The tragic event of Saturday in Tucson, which has led to the deaths of six people, and the wounding of 12 others, including a sitting member of Congress (Gabrielle Giffords), has shaken the nation. We don't know if Rep. Giffords will recover, or if she does, whether she'll be able to return to Congress. We keep her and the others affected in our prayers.
This event has not only caught our attention, and it has spurred a national conversation about the words we use and their consequences. It has become increasingly clear that the nation's rhetoric has become increasingly uncivil and even violent. When it comes to politics, it seems that anything goes. Pundits right and left spew angry words at one another, and the nation has begun to divide up, depending on who they listen to on the radio or the TV.
Now, the United States has a rich tradition of free speech, which I support, but as Paul makes so clear --
"All things are lawful," but not all things are beneficial. "All things are lawful," but not all things build up. (1 Corinthians 10:23).
I realize that Paul is speaking here of dietary restrictions and not speech, but I think the meaning is clear enough. We may have the freedom to say whatever we like, but those words, especially words spoken in anger, can have consequences -- even violent consequences.
Did Sarah Palin's tasteless ad "targeting" certain members of Congress lead to this shooting? In and of itself, no. I doubt that the former Governor was wishing death upon them, but when we use words and images of violence then some may take this much more literally than intended. The same is true of those folks who are praying their "imprecatory prayer," which quotes from Psalm 109:8 -- "May his days be few; may another seize his position." Are these folks praying for President Obama to die? I doubt that most are praying for death, or even contemplating ways in which this would take place. They're just hoping that in 2012 someone else will be elected, but if you're going to use this verse then perhaps you should pay attention to the words that follow: "May his children be orphans, and his wife a widow." This isn't a prayer for electoral change, it's a prayer for vengeance.

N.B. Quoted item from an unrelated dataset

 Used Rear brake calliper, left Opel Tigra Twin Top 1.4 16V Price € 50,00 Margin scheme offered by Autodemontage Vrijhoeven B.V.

So, here we are, living in a time when the rhetoric has gone beyond being uncivil. It has moved past angry rhetoric. The rhetoric, especially on the right, but not just the right, has turned toward the violent. We can have a discussion about the size of government, whether or not it's too big or not. We can have a discussion about what kind of health care we should have in our land, but when we start moving toward violent imagery and calls for overthrowing the government, then we've moved past what is acceptable.
Good people of good will need to step up and say, enough is enough. Let's bring the level of rhetoric down several notches, and start working toward the common good.
Since I began with scripture, I'll end with scripture.
7 People can tame and already have tamed every kind of animal, bird, reptile, and fish. 8 No one can tame the tongue, though. It is a restless evil, full of deadly poison. 9 With it we both bless the Lord and Father and curse human beings made in God’s likeness. 10 Blessing and cursing come from the same mouth. My brothers and sisters, it just shouldn’t be this way! (James 3:7-10 Common English Bible).